Joël Aïvo écrit au garde des sceaux. Dans une longue lettre adressée à Séverin Quenum, la semaine dernière, le Constitutionnaliste dénonce ses conditions de détention et l’accuse “personnellement de faire de la violation des droits de l’Homme », des adversaires politiques du régime, l’une « des finalités non dissimulées » de sa politique”. Le professeur conclut sa lettre par deux précieux conseils.
La dernière visite manquée des députés de l’opposition semble être la goutte d’eau qui a fait déborder le vase du ras-le-bol de l’initiateur du Dialogue Itinérant, recalé à l’élection présidentielle de 2021 pour défaut de parrainage. Dans une longue lettre, Joël Aïvo n’a pas retenu ses coups au moment de pointer le caractère vicieux de l’action du ministère de la justice à l’encontre des adversaires du régime. Sévérin Quenum, qu’il accuse « personnellement de faire de la violation des droits de l’Homme », précisément des « adversaires politiques » du régime de la Rupture, « l’une des finalités non dissimulées » de la « politique » gouvernementale.
Une détention inhumaine
Revenant sur les détails du refoulement des députés de l’opposition aux portes de la prison, le professeur Aïvo a balayé tous les arguments avancés pour le justifier. Pour lui, les mesures barrières levées depuis avril 2022 par le gouvernement ne sauraient justifier cette interdiction, pas plus que le décret de 1973 abondamment utilisée par la communication gouvernementale pour expliquer le refoulement des élus aux portes de la prison civile de Cotonou. Ce décret, rappelle le professeur, avait été pris par un régime militaire, qui jetait en prison tous ses dissidents. Joël Aïvo est longuement revenu sur ses conditions de détention jugées inhumaines et dégradantes qu’il a plusieurs fois signalées à la chancellerie, sans suite. Le professeur Aïvo se plaint de “recevoir son épouse et ses enfants debout, accroché à une barrière métallique à l’entrée de la prison en violation des engagements internationaux du Bénin”. Il dit également avoir été détenu dans les toilettes publiques et empêché à maintes reprises de voir ses étudiants en master et en doctorat : « je voulais tout faire pour que ma détention, si arbitraire soit-elle, ne soit pas une entrave à leur carrière et que leur avenir ne soit pas hypothéqué par la situation que vous avez décidé de m’imposer », déplore-t-il face à l’intransigeance du ministère de la justice devant les besoins de ces étudiants.
Ses conseils au ministre
S’inspirant de l’histoire politique du Bénin marquée par une longue série de law fair, le constitutionnaliste s’est permis de prodiguer deux conseils au ministre. Le premier, c’est “d’éviter d’ériger des règles inhumaines pour vos concitoyens. Évitez d’installer à la place de l’État de droit, un État de terreur, parce que vous y avez jeté quelques-uns de vos opposants”.

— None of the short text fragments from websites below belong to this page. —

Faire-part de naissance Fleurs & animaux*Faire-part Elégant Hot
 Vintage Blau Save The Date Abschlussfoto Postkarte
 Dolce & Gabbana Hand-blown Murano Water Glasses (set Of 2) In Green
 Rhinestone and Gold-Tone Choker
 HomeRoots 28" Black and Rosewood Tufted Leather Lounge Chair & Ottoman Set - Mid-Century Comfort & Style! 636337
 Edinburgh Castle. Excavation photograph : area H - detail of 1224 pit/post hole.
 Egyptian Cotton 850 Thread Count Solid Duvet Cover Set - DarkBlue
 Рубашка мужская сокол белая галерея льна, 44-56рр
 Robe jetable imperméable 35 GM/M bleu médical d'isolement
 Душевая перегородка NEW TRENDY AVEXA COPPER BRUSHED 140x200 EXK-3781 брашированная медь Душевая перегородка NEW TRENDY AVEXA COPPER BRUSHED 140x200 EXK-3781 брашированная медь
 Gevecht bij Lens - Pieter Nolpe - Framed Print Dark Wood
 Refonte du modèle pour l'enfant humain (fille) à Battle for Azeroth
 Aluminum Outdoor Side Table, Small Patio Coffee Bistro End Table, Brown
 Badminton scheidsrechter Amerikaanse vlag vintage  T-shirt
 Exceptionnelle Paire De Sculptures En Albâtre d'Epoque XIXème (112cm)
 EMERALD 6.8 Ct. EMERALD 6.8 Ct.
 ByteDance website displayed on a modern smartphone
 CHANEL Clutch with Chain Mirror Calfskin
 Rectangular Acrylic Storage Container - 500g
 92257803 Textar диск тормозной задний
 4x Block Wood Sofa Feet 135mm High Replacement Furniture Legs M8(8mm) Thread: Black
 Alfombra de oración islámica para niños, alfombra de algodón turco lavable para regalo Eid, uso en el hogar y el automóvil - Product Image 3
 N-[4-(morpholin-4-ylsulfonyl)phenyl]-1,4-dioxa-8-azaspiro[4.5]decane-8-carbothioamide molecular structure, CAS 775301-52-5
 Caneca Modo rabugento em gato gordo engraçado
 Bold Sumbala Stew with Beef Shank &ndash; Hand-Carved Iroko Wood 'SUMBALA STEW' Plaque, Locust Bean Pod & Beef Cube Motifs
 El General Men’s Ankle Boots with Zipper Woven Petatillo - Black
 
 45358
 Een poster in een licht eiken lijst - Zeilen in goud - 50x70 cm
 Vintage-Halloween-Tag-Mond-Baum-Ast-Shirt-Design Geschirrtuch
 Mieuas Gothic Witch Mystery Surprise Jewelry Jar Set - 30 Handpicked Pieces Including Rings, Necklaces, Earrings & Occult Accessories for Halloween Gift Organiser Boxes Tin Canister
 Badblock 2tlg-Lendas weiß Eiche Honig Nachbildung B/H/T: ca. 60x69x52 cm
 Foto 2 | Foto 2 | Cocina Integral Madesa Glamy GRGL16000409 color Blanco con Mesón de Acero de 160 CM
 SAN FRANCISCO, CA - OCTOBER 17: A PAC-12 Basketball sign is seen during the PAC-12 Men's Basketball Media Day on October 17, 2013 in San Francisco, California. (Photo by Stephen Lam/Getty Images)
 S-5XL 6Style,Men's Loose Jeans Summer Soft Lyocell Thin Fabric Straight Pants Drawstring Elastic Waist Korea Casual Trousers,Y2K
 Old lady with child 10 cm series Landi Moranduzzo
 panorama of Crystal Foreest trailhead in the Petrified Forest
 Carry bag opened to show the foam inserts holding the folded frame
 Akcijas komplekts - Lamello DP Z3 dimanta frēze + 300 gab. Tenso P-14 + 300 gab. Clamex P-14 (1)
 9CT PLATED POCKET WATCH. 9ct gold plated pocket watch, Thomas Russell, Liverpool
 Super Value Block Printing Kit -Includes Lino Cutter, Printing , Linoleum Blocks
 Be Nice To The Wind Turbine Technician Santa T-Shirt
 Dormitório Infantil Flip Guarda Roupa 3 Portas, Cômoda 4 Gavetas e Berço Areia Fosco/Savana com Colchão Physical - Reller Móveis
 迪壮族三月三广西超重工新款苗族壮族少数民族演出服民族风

Le deuxième conseil, c’est de se souvenir comme l’a dit l’ancien ministre français Michel Debré à son fils Jean-Louis, “qu’on est plus souvent ancien ministre que ministre”. Une façon très pédagogique de dire au garde des sceaux et indirectement à toutes les personnes qu’il accuse de contribuer à son malheur, qu’ils cesseront sans doute un jour de bénéficier de l’immunité que leur confère aujourd’hui leur statut et qu’ils pourrait se retrouver à sa place un jour si par malheur les plus radicaux de leurs adversaires décidaient “de se saisir à leur tour de l’épée de la vengeance politique”.
Arrêté le 15 avril 2021 au lendemain de l’élection présidentielle à laquelle il n’a pas pu participer parce qu’il lui manquait les parrainages, le professeur Frédéric Joël Aïvo a été condamné le 6 décembre de la même année à 10 ans de prison ferme pour complot contre la sûreté de l’Etat. Des accusations qu’il a toujours vivement rejetées. Deux ans plus tôt, il avait lancé un vaste mouvement baptisé le dialogue itinérant pour proposer aux populations une alternative au projet politique du président Patrice Talon.